There are more false negatives than false positives. Wait about 5 days and try again!!!

I am 6 weeks now and my first was a really light line that kept getting darker and darker over a few days and a few tests. I took it initially a few days before my period was due.


----------



## cherubess (Oct 14, 2004)

As you are testing early, why not test first thing in the morning?

I tested twice in one day about 3-4 days prior to my AF due date.

The tests were done in the afternoon.

The first test showed a positive. I wanted to double check to make sure it wasn't a false positive so I did another test but it showed as negative.

I tested the next morning and it showed positive.

I think the second one in the afternoon showed as negative because I was not yet due and the HCG levels in my urine were low due to watering down and peeing during the day ... if that makes sense.

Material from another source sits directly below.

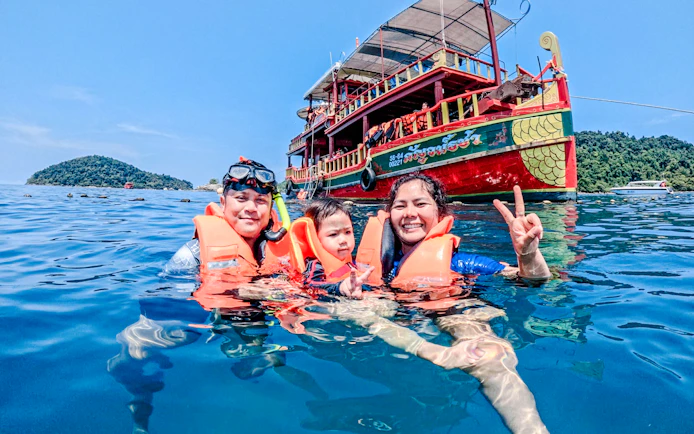 Koh Chang 3 or 4-Island Big Boat Snorkeling Tour with Lunch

Good luck to you! Fingers crossed.


----------



## MCatLvrMom2A&X (Nov 18, 2004)

North testing this early on you need to use first morning urine only because that is when the hcg is at its highest by testing in the day time your urine will be diluted enough that you probably wont see a


----------



## North_Of_60 (May 30, 2006)

So I did a Clear Blue test this morning (the +/- kind). I don't know what to think anymore... the top part of '+' was _slightly_ visible. But that's it.








:







:







:


----------



## Brisen (Apr 5, 2004)

:










I'm the test-every-day-until-my-period-comes type. I bought tests online at www.early-pregnancy-tests.com that were 20 mIU/mL sensitivity for less than $1 apiece, after s&h and taxes.


----------



## ~Demeter~ (Jul 22, 2006)

Get a digital. They cost a bit more but sometimes rather than decipher the lines it's better to get a "clear" answer. The morning I got my very very faint positive I ran out and got a digital which said positive. I felt better after that because I wasn't thinking is it or isn't it all day. I hope you get the results you want!


----------



## devster4fun (Jan 28, 2007)

I second the digital type.

We started ttc and the day my first period was due, I took a test....absolutely having NO expectation of being pregnant. It was the kind with he + sign. In hindsight, there was no mistaking it. But, the digital one said "PREGNANT." In fact, 3 more said the same thing. And, a blood test done by my NP the next day.

I so, so hear you....

Have you tried the digital today?????


----------



## MysteryMama (Aug 11, 2006)

Quote:


Originally Posted by *North_Of_60* 
Really? What was your username?

jbaby. or maybe it was j_baby? i haven't really been on there much since i have found mdc.


----------



## MysteryMama (Aug 11, 2006)

Quote:


Originally Posted by *North_Of_60* 
So I did a Clear Blue test this morning (the +/- kind). I don't know what to think anymore... the top part of '+' was _slightly_ visible. But that's it.








:







:







:

YOU'RE PREGNANT!


----------



## Marlet (Sep 9, 2004)

Post a picture.


----------



## North_Of_60 (May 30, 2006)

Quote:


Originally Posted by *OtherMother'n'Madre* 
Post a picture.
















I don't think it would show in a picture. It's hard to explain, the but on the top part of the '+' symbol, it's the left side of the line. Not the whole line. Again, I don't know if it's shading of the line underneither or not. It's really very faint.

Maybe I'll get a digital today, but I can't let my husband know. He's going to kill me. He said if I need more tests I have to go to the dollar store.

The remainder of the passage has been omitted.